— TASK REQUIREMENTS —
Exclude the pictures, then quote exactly the lines from the one holding "PRUNUS J-180 AM/FM/SW" through the last line of the records.

— Pictures with short captions —
[Start of section]

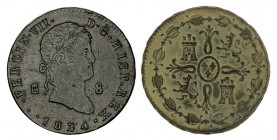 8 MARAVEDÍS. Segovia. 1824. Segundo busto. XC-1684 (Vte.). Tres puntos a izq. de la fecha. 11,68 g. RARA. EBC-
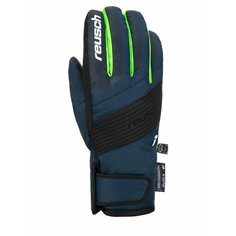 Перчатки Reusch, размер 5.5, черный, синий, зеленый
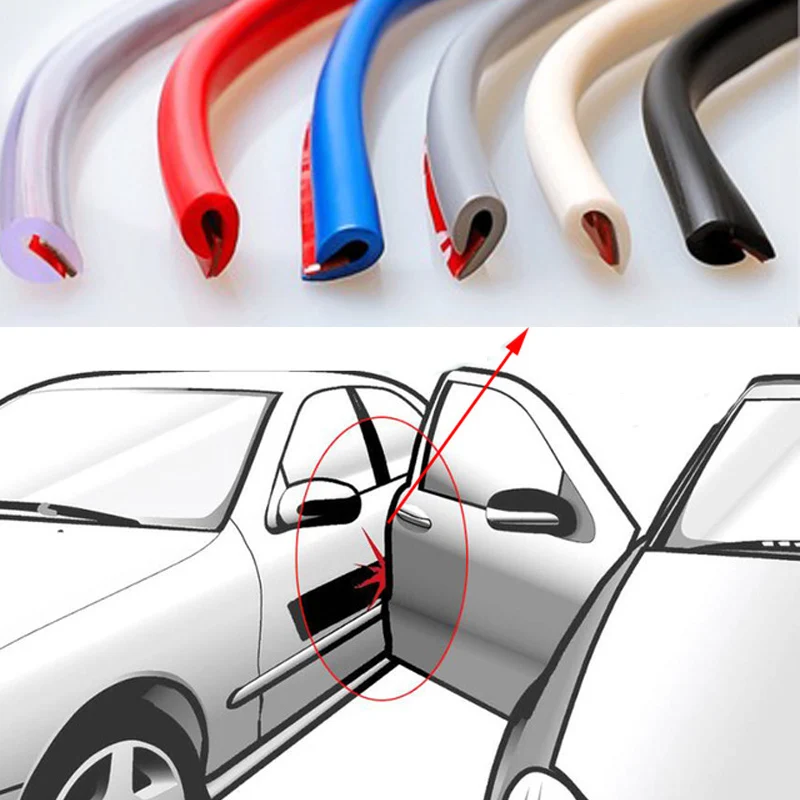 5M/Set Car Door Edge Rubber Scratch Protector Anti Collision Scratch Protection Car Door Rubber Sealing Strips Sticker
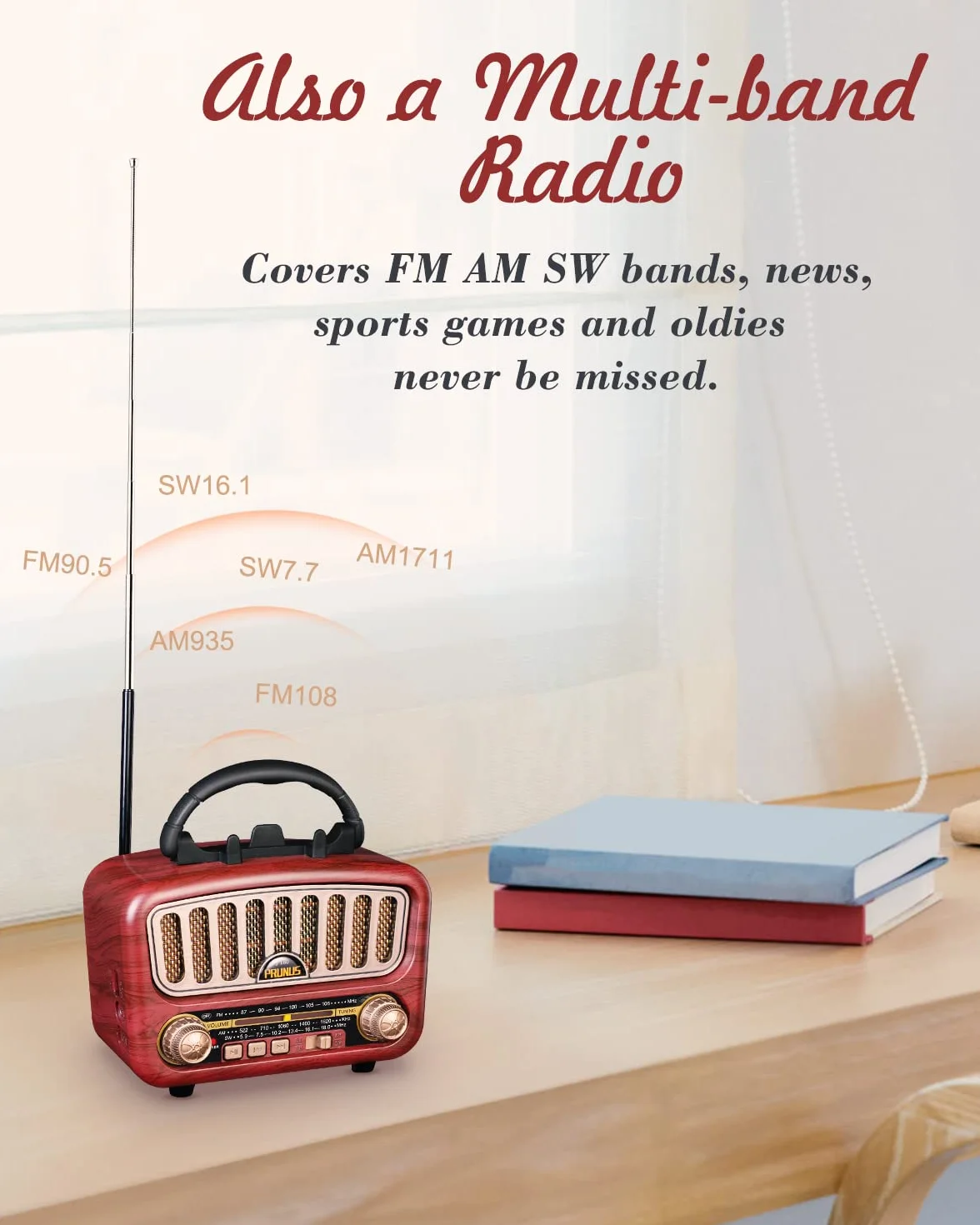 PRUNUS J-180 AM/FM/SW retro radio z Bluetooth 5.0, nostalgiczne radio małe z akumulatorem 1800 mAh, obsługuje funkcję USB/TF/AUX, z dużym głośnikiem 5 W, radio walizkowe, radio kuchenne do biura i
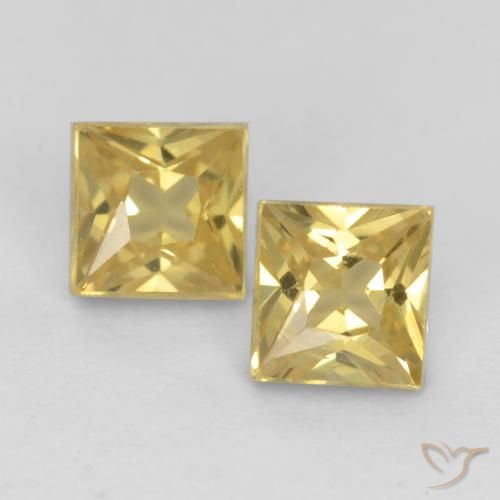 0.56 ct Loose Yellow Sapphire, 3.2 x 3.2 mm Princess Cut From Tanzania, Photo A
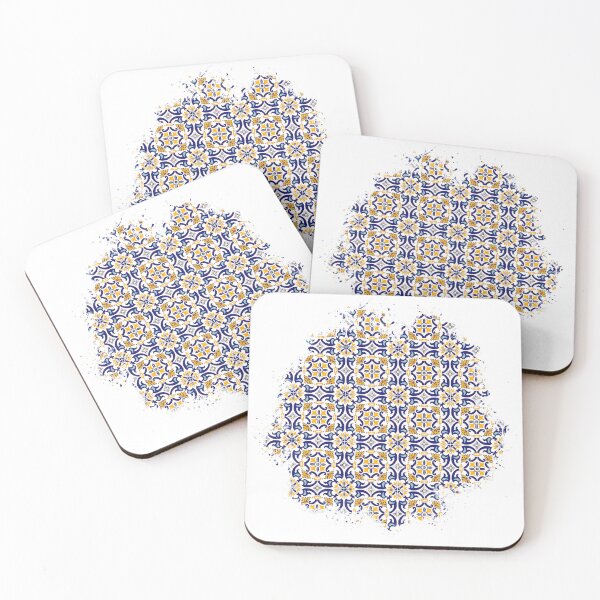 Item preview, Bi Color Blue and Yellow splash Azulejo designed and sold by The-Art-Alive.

[End of section]

— SOLUTION BELOW —
 PRUNUS J-180 AM/FM/SW retro radio z Bluetooth 5.0, nostalgiczne radio małe z akumulatorem 1800 mAh, obsługuje funkcję USB/TF/AUX, z dużym głośnikiem 5 W, radio walizkowe, radio kuchenne do biura i
 0.56 ct Loose Yellow Sapphire, 3.2 x 3.2 mm Princess Cut From Tanzania, Photo A
 Item preview, Bi Color Blue and Yellow splash Azulejo designed and sold by The-Art-Alive.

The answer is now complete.